Das Buch der verpassten Gelegenheiten

Es war kurz nach Pfingsten und D. hatte beschlossen, den kurzen Freiraum, der sich dadurch erbot, für einige längst hinfällige Recherchen zu verwenden. Insbesondere hatte er sich vorgenommen, einige Lücken in seiner Erinnerung durch Literatur zu ergänzen. Weil es aber in der Provinz, in welcher er arbeitete und in seltenen Nächten auch schlief, keinerlei Buchbestände von Relevanz gab, weswegen er sich selbst eine durchaus umfangreiche Sammlung verschiedenster fiktionaler Werke, zwischenzeitlich etwas mehr als 6000, zugelegt hatte, die nun allerdings seine Wohnung dermaßen vereinnahmten, dass sie die Regale bedrohlich bogen und ihm selbst manchmal ganz bedenklich wurde ob ihrer Anzahl, musste er weiter ausgreifen.

Das passende Buch, da war sich D. gewiss, fand sich nicht darunter, schon, da es längst vergriffen und nirgends mehr zu erwerben war, außer in wenigen Exemplaren, die sich aber nur in ausgesuchten Bibliotheken fanden.

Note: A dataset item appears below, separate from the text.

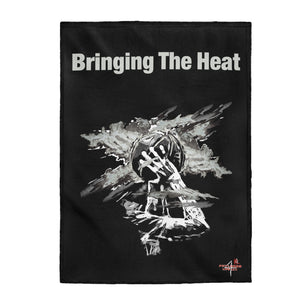 Heat Black/White Bring It Velveteen Plush Blanket in 30”x40”, 50”x60”, 60”x80”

So sah sich D. also genötigt, sich in die etwas schwieriger zu erreichende Provinzhauptstadt zu begeben, wo es, wie er sich zu erinnern glaubte, eine größere Bibliothek gab, die diesen Namen auch verdiente. Der Weg dorthin war, wie er wusste, beschwerlich. Zwischen D.s Haus und dem Ziel lag ein langer und mühsamer Weg durch ein entsetzlich düsteres Mittelgebirge, durch das nur wenige kleine Züge fuhren, von denen man auch nie wirklich wusste, ob sie ankamen. Angekommen in der Provinzhauptstadt wurde es nicht besser: Man konnte sich in der Stadt mit ihren vielen engen Winkelgassen leicht verirren und auch das Bibliotheksgebäude selbst war nicht ganz ohne Tücken. Es gab mehrere Stockwerke, in denen die Bücher nach nicht immer ganz nachvollziehbaren Kriterien verteilt waren und auch die Bibliotheksaufsichten steckten voller Heimtücke, teils sogar Bosheit. So war es ihm früher, in besseren Zeiten, einmal passiert, dass man ihn schroff vor die Türe gewiesen hatte, weil er sich grundlos geweigert hatte, der Bibliothekarin in der Philosophieabteilung ein Schaf zu malen. Ein anderes mal hatte man ihm – ganz unvermittelt – wiederum vorgeworfen, dass er ein Zimmermaler sei und außerdem verspätet. Meist ermahnte man ihn aber nur, wenn er vorsichtig auf einem Titel insistierte, dass er letztlich doch selber schuld sei. Am besten war er bislang in der Abteilung für Theologie und Religionswissenschaft gefahren, wo der sehr alte, weiße Bibliothekar in einem Anfall von Güte einmal zu ihm meinte, es bestehe für ihn noch eine letzte Hoffnung. Doch lag das lange Jahre zurück und es war äußerst zweifelhaft, ob der liebe alte Mann noch lebte oder nicht schon längst irgendwo im Land der Schatten dahinstaubte. Überhaupt änderte die Zeit ja so manches, was nach D.s Meinung auch das einzige war, was doch so ziemlich sicher blieb.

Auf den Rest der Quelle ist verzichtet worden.